El camino no ha sido fácil, pero sería incurrir en un error histórico mayúsculo pensar que nos hallamos poco más que en el punto de partida. También sería ingenuo y poco realista creer que ese proyecto se encuentra ya realizado de manera plena. Las instituciones mismas, sin duda, requieren todavía modificaciones importantes y su adaptación a los cambios y a la experiencia propia y ajena hará necesario ajustes permanentes. Pero es la cultura -que convierte a los meros electores en auténticos ciudadanos- la dimensión de la democracia donde los chilenos nos encontramos en mayor carencia. Pensar que todo pasa por cambios institucionales es propio de una mentalidad en exceso formalista que le concede demasiada importancia al papel de las reglas jurídicas y desconoce la gravitación esencial que las mentalidades, valores, modos de ser y de comportarse, los conocimientos y destrezas comunicativos, la profundidad del compromiso con el bien colectivo y otras variables culturales tienen en la vigencia efectiva de aquellas reglas.
Nuestros "padres fundadores" -sean liberales o conservadores- tuvieron siempre conciencia de esa asociación indispensable entre educación -ilustración se llamaba entonces- y democracia.

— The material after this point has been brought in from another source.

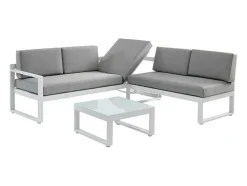 Conjunto De Jardim Em Aluminio: Mesa De Centro E Sofá De Canto Levadico, 6 Lugares Cinzento - Palaos Ii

No se trata de añadir una asignatura de educación cívica al currículum escolar -esa respuesta revela la magnitud de la ceguera actual-, sino de promover la formación integral de las personas, de modo que el futuro ciudadano no divida su comportamiento en uno para su esfera privada y otro para su esfera pública, tenga conciencia de pertenecer a una comunidad con bienes colectivos que cautelar y promover, se sepa parte de un cuerpo social con historia y, por ende, responsable frente a las generaciones venideras, tenga espíritu crítico y posea las habilidades, destrezas y conocimientos que le permitan ejercerlo y haya cultivado la capacidad de ponerse en el lugar de los demás, por distintos que ellos sean.
La calidad de nuestra vida democrática depende directamente de la calidad de nuestra educación y, hasta ahora, a pesar de la retórica, todos los gobiernos posteriores a la dictadura han demostrado una peligrosa incapacidad para, en definitiva, liderar las transformaciones que incidan de lleno en la formación de buenos ciudadanos.